Впрочем, как же не быть унижению? Нет, оно есть: вы унижены тем, что не [успели справиться с этим деревом, обломать его ветвей], сующихся куда им не следует; вы несообразительны и бессильны; от этого, кроме физической боли, есть в вас и досада. Однако ж все это — тонкости, которыми не стоит заниматься: простая ли тут боль или вместе с болью есть и унижение. Об этом не стоит рассуждать. Важность только в том, что вы не делаете ничего особенно дурного, когда пользуетесь при случае тенью того же самого дерева, которое хлестнуло вас по лицу; важность еще в том, что если вы как-нибудь воспользовались его тенью, из этого не следует еще заключить, что вам не был неприятен удар его ветви и не чувствуете вы надобности [сломать ее], чтобы не повторяла она над вами такой же проделки.

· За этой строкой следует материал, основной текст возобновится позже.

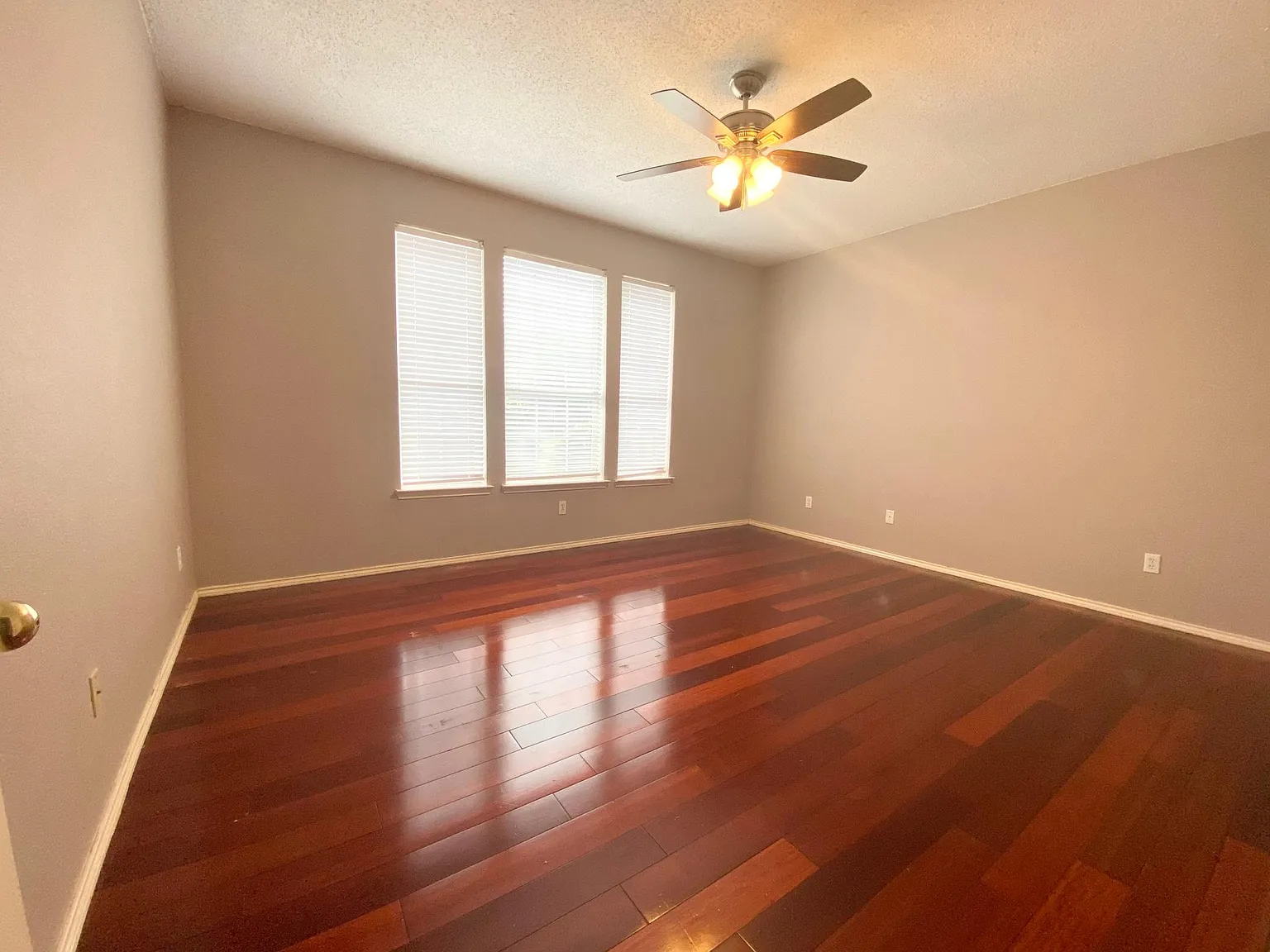 4 bed, 2.5 bath, 2201 sqft, $2,400 — Photo 3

Мы нашли ближайшую причину той невозможности защитить свои права, которая заставляет дюжинных людей в народе безответно переносить страдания и неприятности, не обнаруживая даже злобы на обидчиков. Но ведь если всмотреться поближе в эту частную и ближайшую причину, она сама требует объяснения. [Понятно, что безответно подчинялся тяжелому и оскорбительному чеченскому порядку обращения русский пленник, уведенный в Гергебиль или Гуниб мюридами Шамиля. Он там был один против сотни, против тысячи людей. А здесь наоборот: обидчик один, обижаемых десятки. От всяких несправедливостей и наглостей страдает масса, а полезны или приятны они только небольшому числу людей. Отчего же за малочисленными обидчиками остается сила, а бесчисленные обижаемые находят себя бессильными?] Понять это поможет нам рассказ г. Успенского «Обоз». В этом маленьком очерке нет ровно никаких особенных происшествий: среди сильной метели кое-как дотащился обоз до постоялого двора; мужики поотогрелись, и один из них позабавил товарищей на сон грядущий анекдотом о том, какие здоровенные лошади были у какого-то неизвестного извозчика; под этот рассказ усталые мужики крепко уснули. Дальше тоже не случилось ничего особенного; но если мы будем сокращать рассказ о том, что было дальше, впечатление факта ослабится и вы не поймете всего смысла его. Предлагаем же вам прочесть внимательно весь следующий довольно длинный отрывок, не перебегая глазами ни через одну строку, хотя на всех строках все одно и то же.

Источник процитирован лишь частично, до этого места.